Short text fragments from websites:
========================================

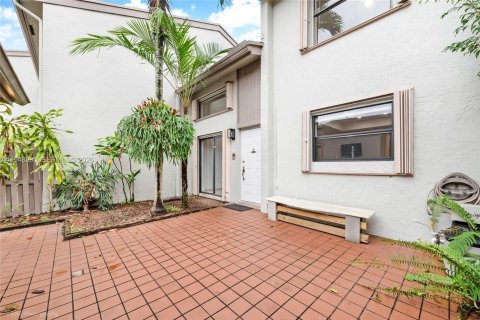 Adosado en venta en Miami, Florida, 2 dormitorios, 128.21 m2 № 2004673 - foto 2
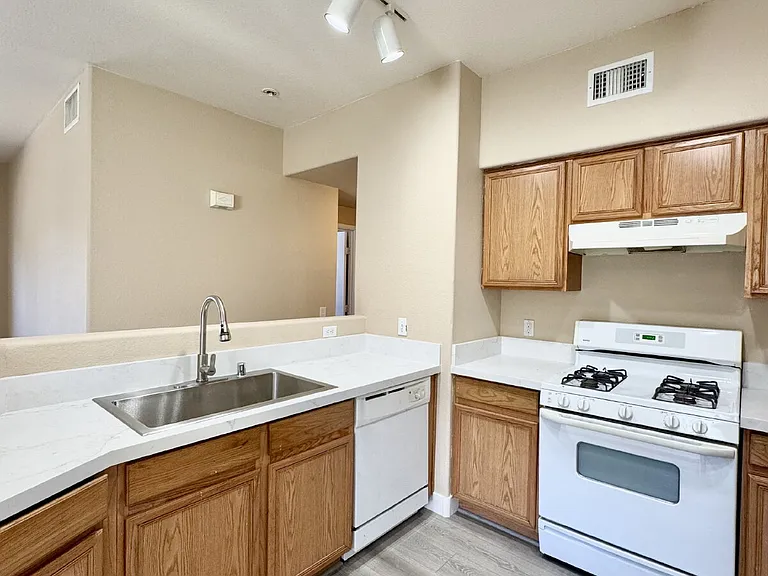 9303 Gilcrease Ave #1181 — Photo 24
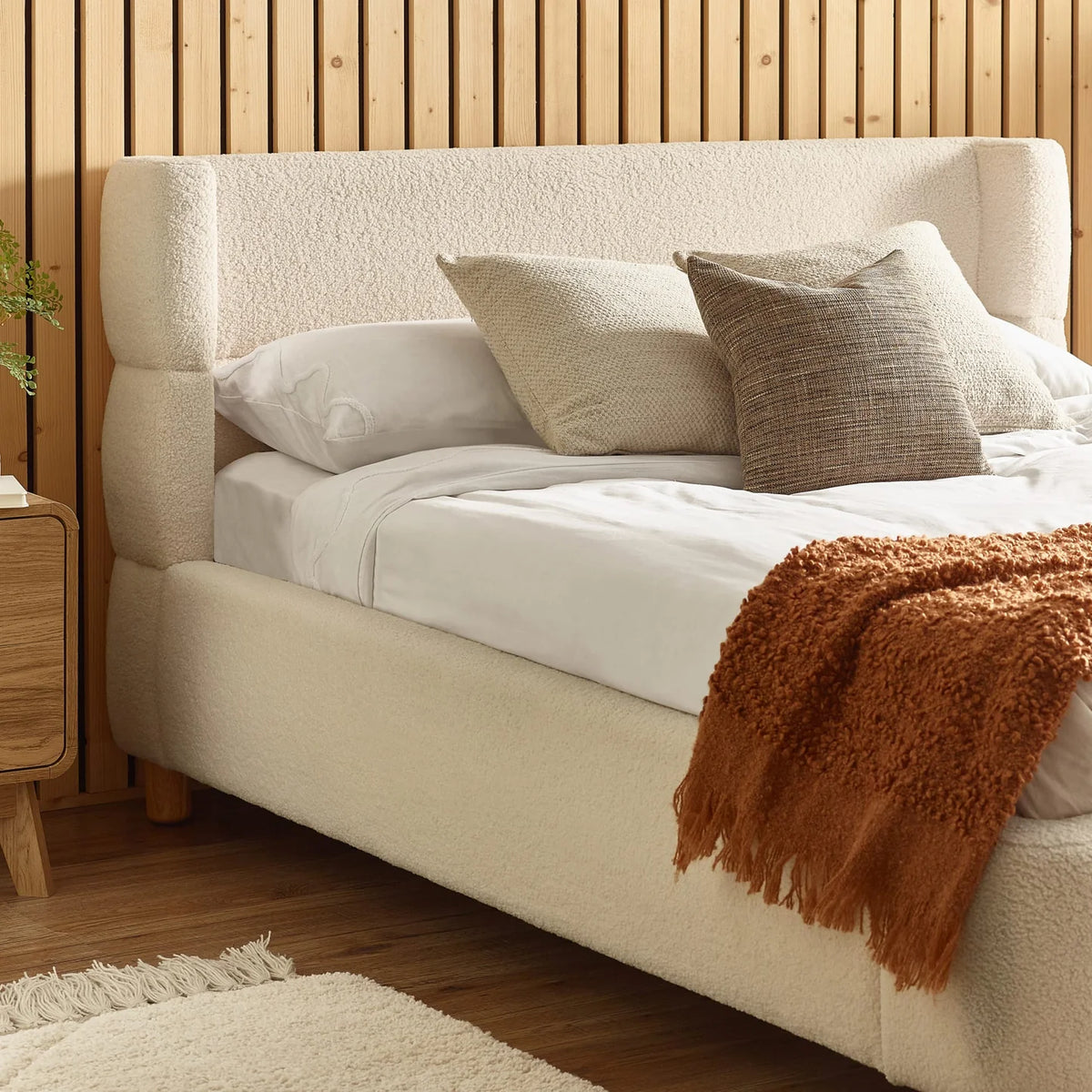 Oberon Bed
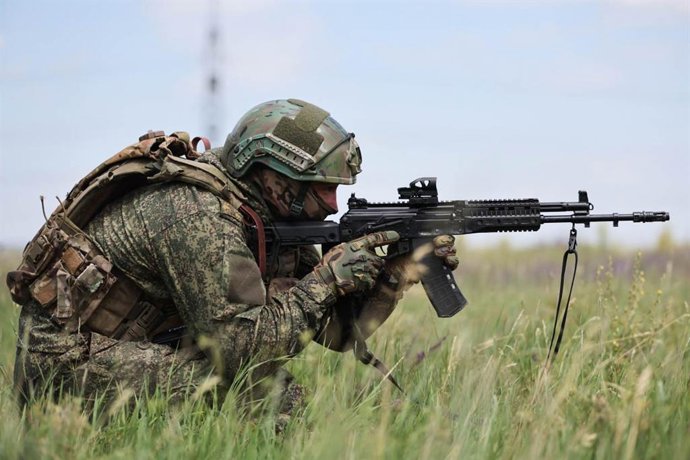 RÚSSIA, REPÚBLICA POPULAR DE DONETSK - 1º DE JULHO DE 2025: Um militar da 90ª Divisão de Tanques, Grupo de Forças Tsentr [Centro], recebe treinamento de ataque de infantaria durante a operação militar especial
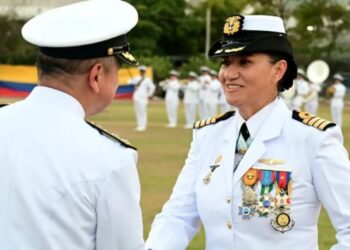 Por primer vez una mujer toma las riendas de la unidad logística más importante de la Armada en el Caribe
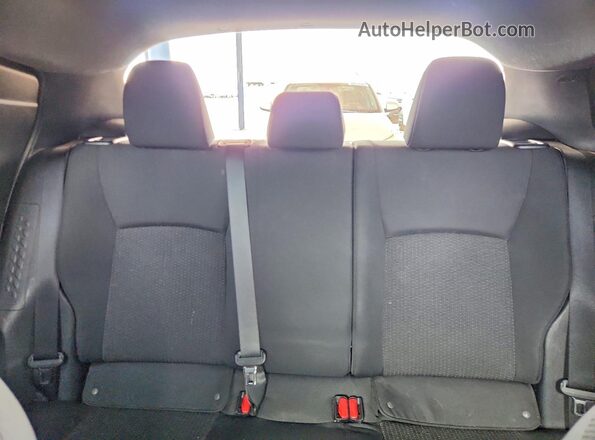 NMTKHMBX2KR095646 2019 TOYOTA LE Silver Հետևի նստատեղերի տեսք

========================================

> **Work required**
Output the line that contains "Por primer vez" and every subsequent line through the end of the entries, exactly as given, without pictures.

> **Result**
 Por primer vez una mujer toma las riendas de la unidad logística más importante de la Armada en el Caribe
 NMTKHMBX2KR095646 2019 TOYOTA LE Silver Հետևի նստատեղերի տեսք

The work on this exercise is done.